At harness tracks, it’s usually easy to see them and the guys who are dragging or watering the track will stop, pick them up, and bring them to the paddock. If a shoe is thrown in the morning a driver might pick it up on the “fly” (bring the horse to a walk), track maintenance might pick it up as they’re dragging, or a groom might have to take a walk to find it.

When I was at Suffolk, I was standing in my favorite spot (right down at the corner of the rail and the walkout from the paddock, as close to even with the wire as I could get) and I found a shoe up against the chain-link fence keeping people back from the actual rail. It’s still got a couple nails and that slight torque from coming off by accident. So it either got thrown a long way, or kicked off to the side when they were harrowing the track.

Since they run in aluminum shoes (usually with very little steel in the nails or in a wear plate), I don’t think a magnet would do much.
It’s an interesting question that I hadn’t thought of. Brings this to mind: https://sphotos-a.xx.fbcdn.net/hphotos-ash3/543820_179192625566552_1062211739_n.jpg
Hopefully a thin aluminum shoe would not do so much damage.

A horse that i brought to the races was vet scratched because he stepped on something on the track. He ended up with a puncture right above his coranary band. No one knows what did it . It was on his way to the starting gate

They harrow the track in the mornings about midway through training hours, and again before the races start. Then again between every race. There have been incidences where a thrown shoe has hit another horse/rider. But to answer your question, no, there is no special protocal or device to help retrieve them. Riders that spot them will let an outrider know where to look though.

I’ve picked up my share of shoes. boots, gloves and once a stopwatch on the track and all on the fly. Shoes, unless your own, got tossed into the chute into a box, wrecked stuff (usually bell and quarter boots) into another box and the good stuff went to the guard shack or race office to be claimed, and if it wasn’t, it was yours at the end of the meet. Flying shoes are dangerous - I got off lucky and only took a few on the shins and feet, but a friend of mine has a scar on his top lip where a nail caught and ripped the lip open.

As to the stopwatch I picked up, it ended up being mine since no one claimed it. Damned if it didnt last more than 25 years before its spring was sprung.

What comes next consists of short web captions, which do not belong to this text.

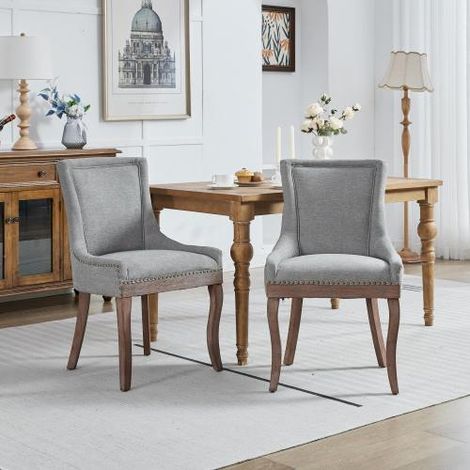 A&A Furniture, Sedia da pranzo Ultra Side, Sedie con rivestimento in tessuto spesso e gambe in legno massello dai toni neutri, Borchie in bronzo, Set da 2, Grigio, DE1807GY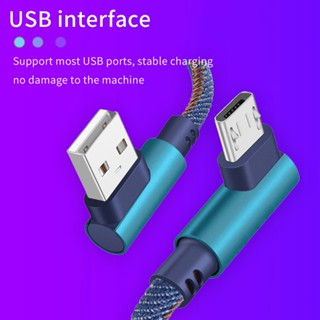 2a สายเคเบิลข้อมูล ข้อศอกคู่ คาวบอย Micro USB Type C อินเตอร์เฟซ ชาร์จ USB ส่งข้อมูล โทรศัพท์มือถือ สายเคเบิล สีดํา ฟ้า 1 เมตร 2 เมตร สําหรับ iPhone Android Samsung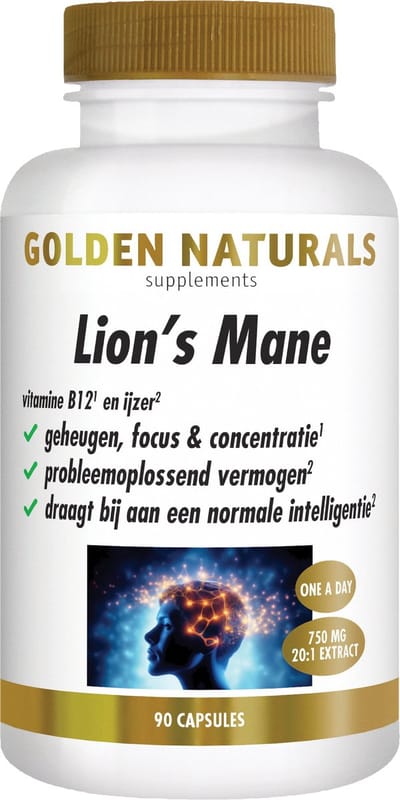 Golden Naturals Lion's mane (90 veganistische capsules)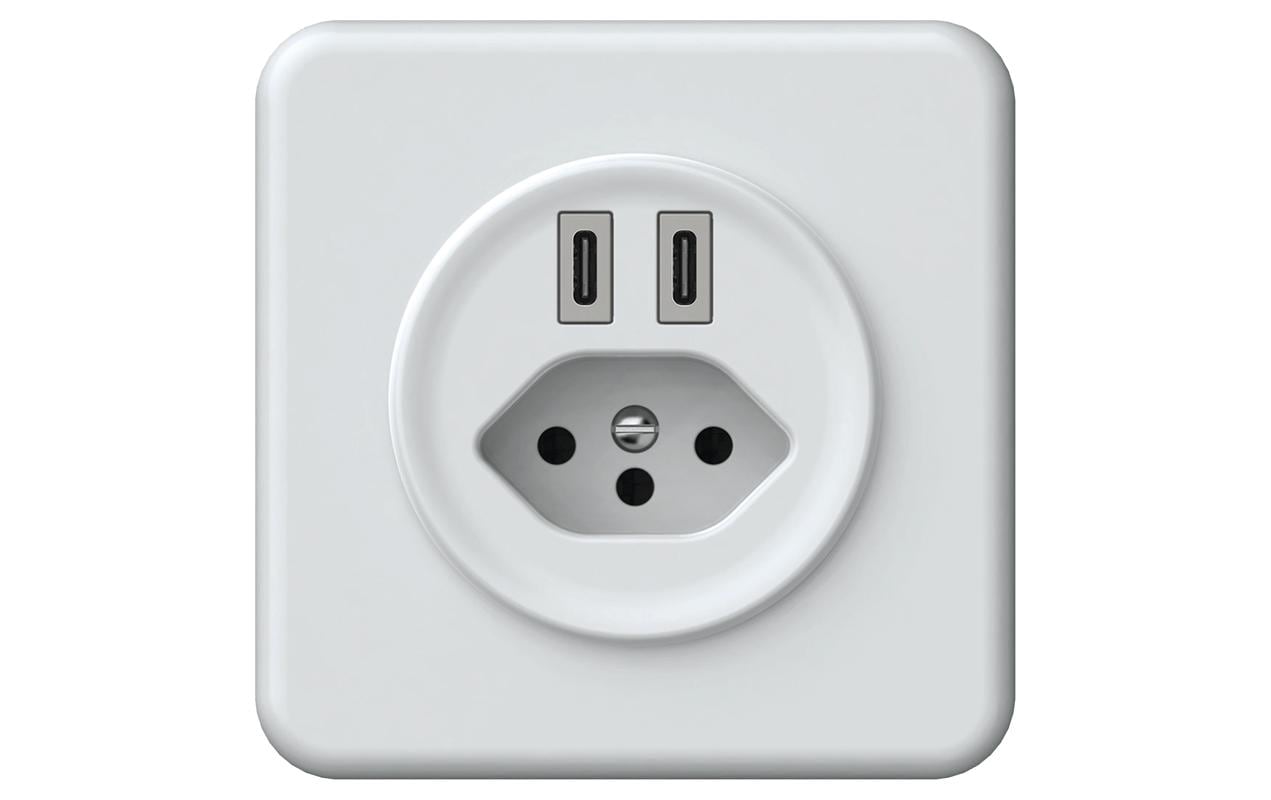 2151772 - Mediatech Hager ORIGIN UP Ladesteckdose 2x USB Typ C 20W PD+1x T13, kurzschlfest und überl, ws kaufen Schweiz | Mediatech.ch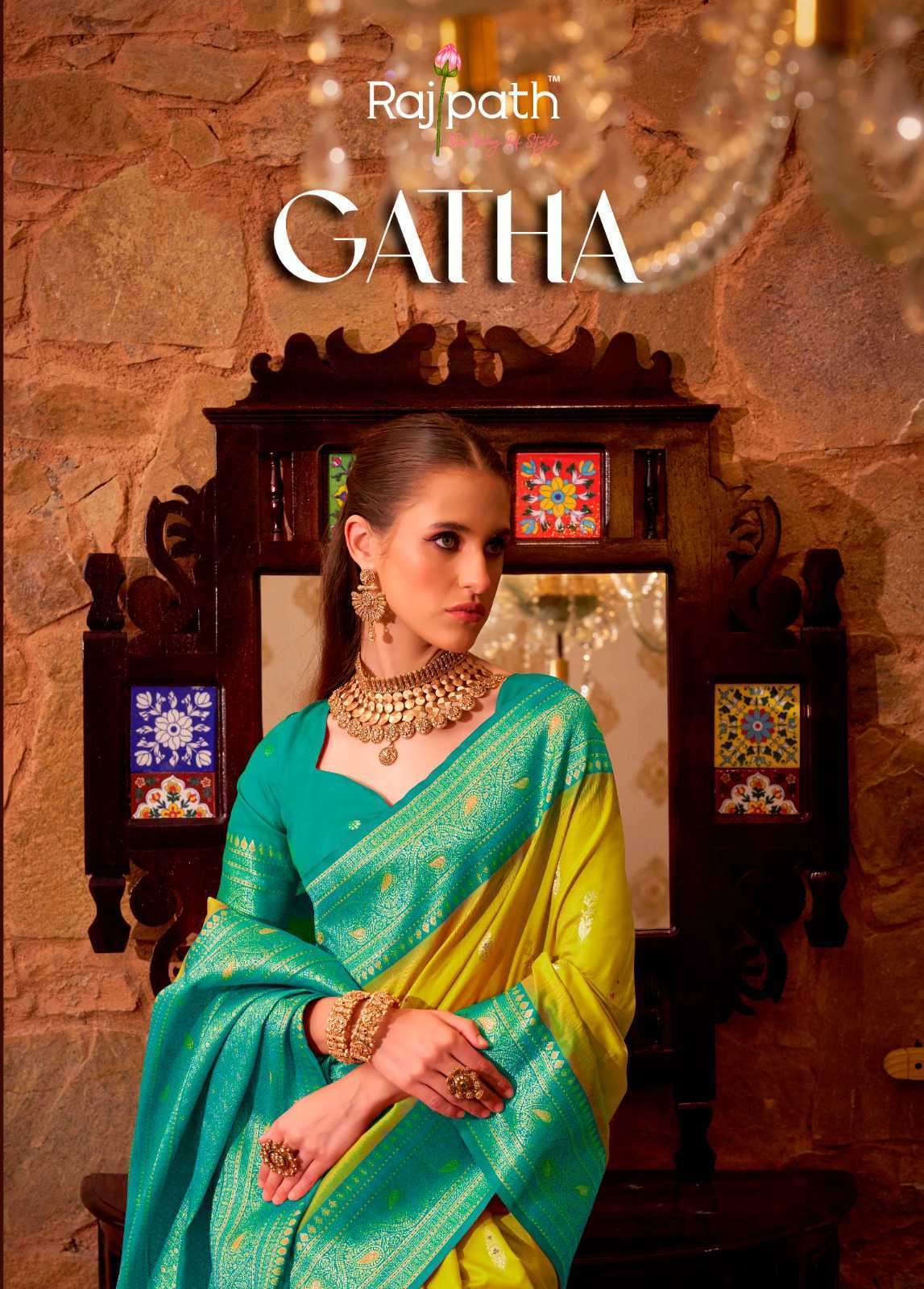 RAJPATH DESIGNER GATHA SILK PARTY WEAR SAREE COLLECTION SUPPLIER 2025
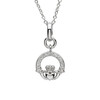Silver Crystal Set Claddagh Pendant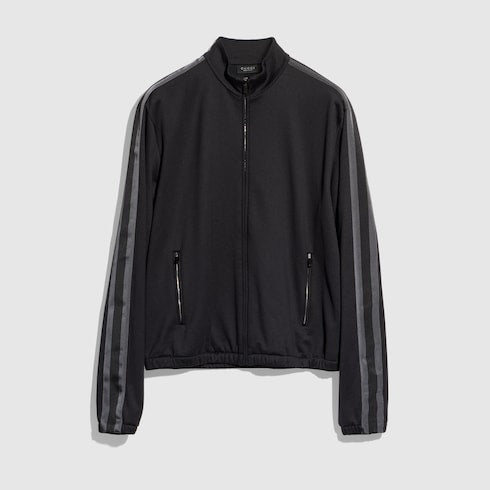 Cotton jersey zip jacket with muted Web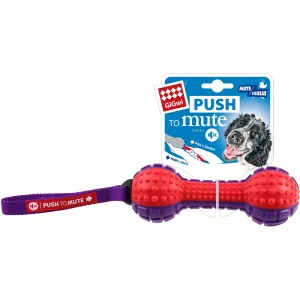 GiGwi Push To Mute Dumbbell Dog Toy (Red/Purple) dog puzzle toy dog slow feeder dog treat ball dog brain toy dog feeder toy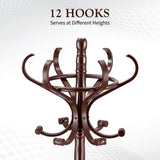 NNEDSZ Brown Coat Rack with Stand Wooden Hat and 12 Hooks Hanger Walnut tree
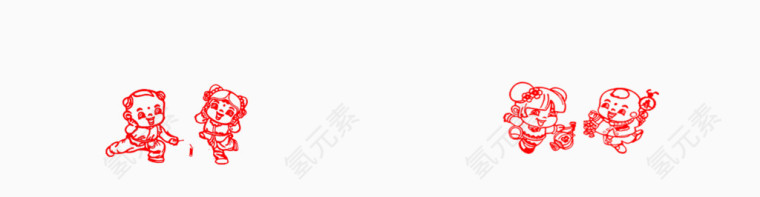 中国风春节元宵剪纸人像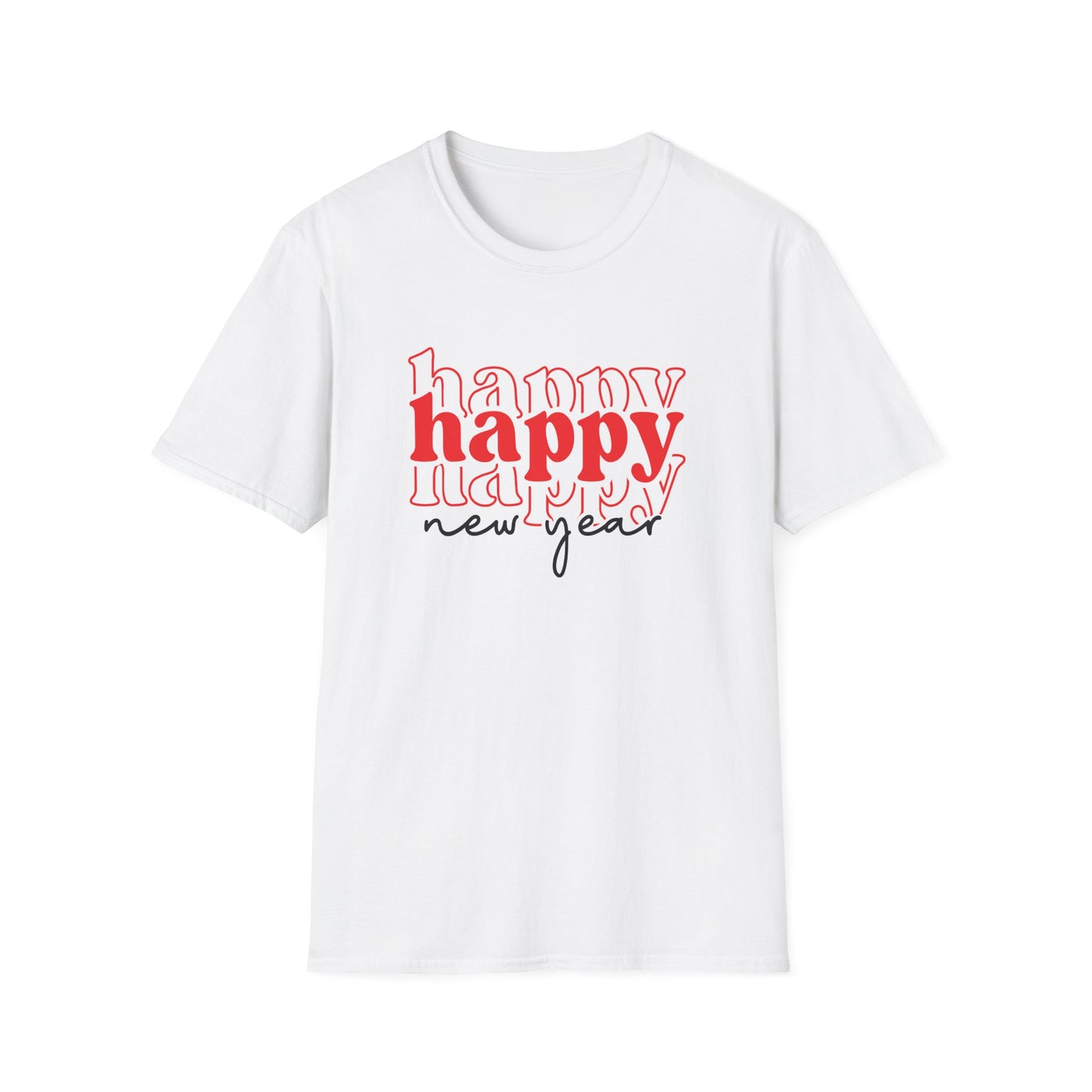 New Year "Happy" T-Shirt — Festive Red Typography Tee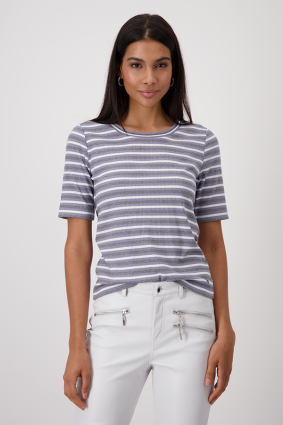 Monari T-Shirt Lurex Stripes SMK PPL STP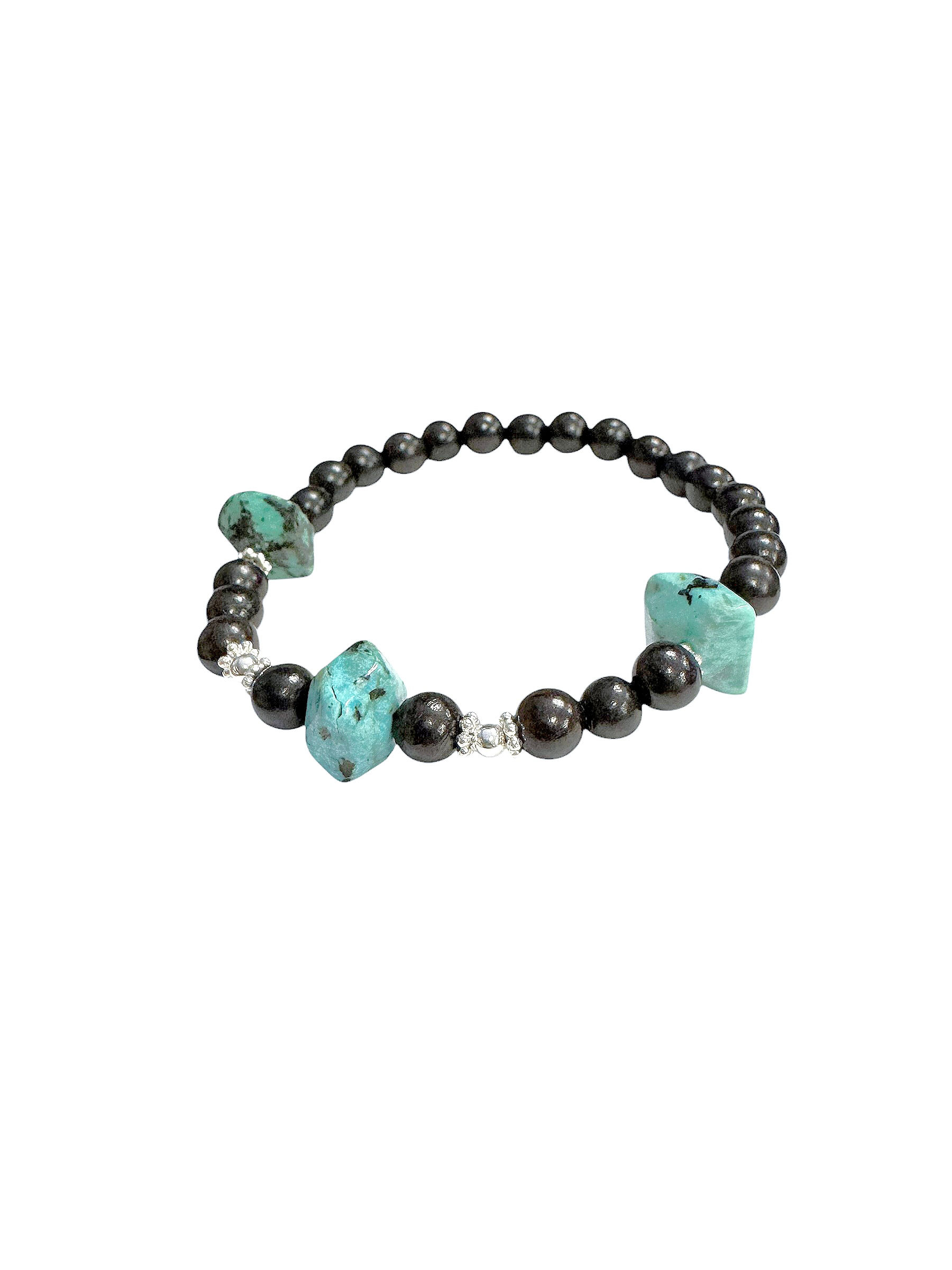 Ebony Wood and African Jasper Stretch Bracelet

I’m reading Masters of the Turf by Edward Bowen, and in it, he says that it is believed that Hail to Reason’s badly fractured leg in a workout resulted from his stepping on a lost shoe from a former worker.

It would seem that someone could make something to sift the material and pull out the shoes similar to sifting dirt for gold?

I had one fracture a coffin bone. We believe he stepped on a shoe as there was one caught up in the harrows after that race. He won by 11 that day. … He came back three years later and won his only start then. And fractured the other coffin bone… He is happily retired on the owners farm.